9.5 KiB
Playwright Scraping with Human-like Behavior
This directory contains Playwright-based scraping and validation tools with built-in human-like behaviors to avoid bot detection.
Features
🤖 Anti-Detection Behaviors
- Realistic Mouse Movements: Smooth bezier curve paths with occasional overshooting
- Natural Scrolling: Random intervals and amounts with occasional direction changes
- Human Timing: Variable delays between actions mimicking real user behavior
- Typing Simulation: Realistic keystroke timing with occasional typos and corrections
- Reading Simulation: Random mouse movements and scrolling to mimic content reading
- Browser Fingerprinting: Randomized viewports, user agents, and device settings
📦 Components
- human-behavior.js - Core library with all human-like behavior utilities
- playwright-scraper.js - Main scraper for Google searches and website scraping
- validate-scraping.js - Batch validation tool for Google Alert queries
- scraper-config.js - Configuration file for fine-tuning behaviors
- human-behavior.test.js - Example tests demonstrating usage
Installation
npm install
npx playwright install chromium
Usage
1. Basic Google Search Validation
Test a single Google Alert query:
node scripts/playwright-scraper.js '"macbook repair" Toronto'
2. Scrape a Specific Website
node scripts/playwright-scraper.js --url "https://www.reddit.com/r/toronto"

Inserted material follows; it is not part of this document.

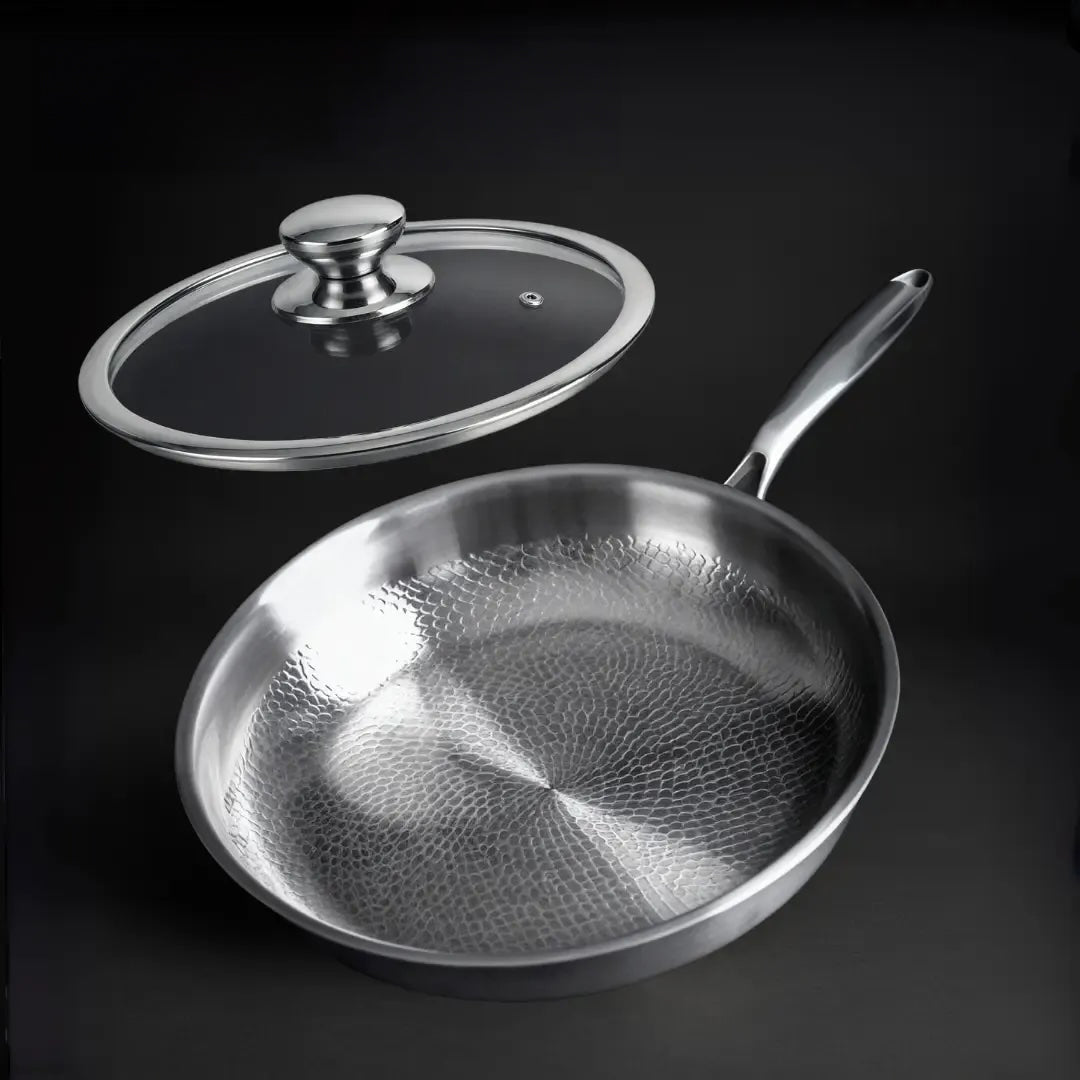 Bratpfanne aus reinem Titan mit Hammerstruktur – Natürlich antihaftbeschichtet, unbeschichtet, induktionsgeeignet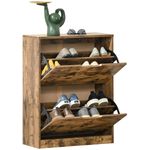 2 Drawer Shoe Cabinet Industrial Shoe Cupboard Flip Doors for Hallway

3. Batch Validate Google Alerts
Validate multiple alerts from your markdown files:
# Test 5 random alerts from the file
node scripts/validate-scraping.js docs/google-alerts-broad.md
# Test specific number with custom delay
node scripts/validate-scraping.js docs/google-alerts.md --max 3 --delay 8000
# Run in headless mode
node scripts/validate-scraping.js docs/google-alerts-broad.md --headless
4. Run Tests
# Run all tests (headed mode)
npm run test:headed
# Run specific test file
npx playwright test tests/human-behavior.test.js --headed
# Run in headless mode
npm test
Human Behavior Library API
Mouse Movement
import { humanMouseMove, randomMouseMovements } from './scripts/human-behavior.js';
// Move mouse to specific coordinates with natural path
await humanMouseMove(page, { x: 500, y: 300 }, {
overshootChance: 0.15, // 15% chance to overshoot
overshootDistance: 20, // pixels to overshoot
steps: 25, // bezier curve steps
stepDelay: 10 // ms between steps
});
// Random mouse movements (simulating reading)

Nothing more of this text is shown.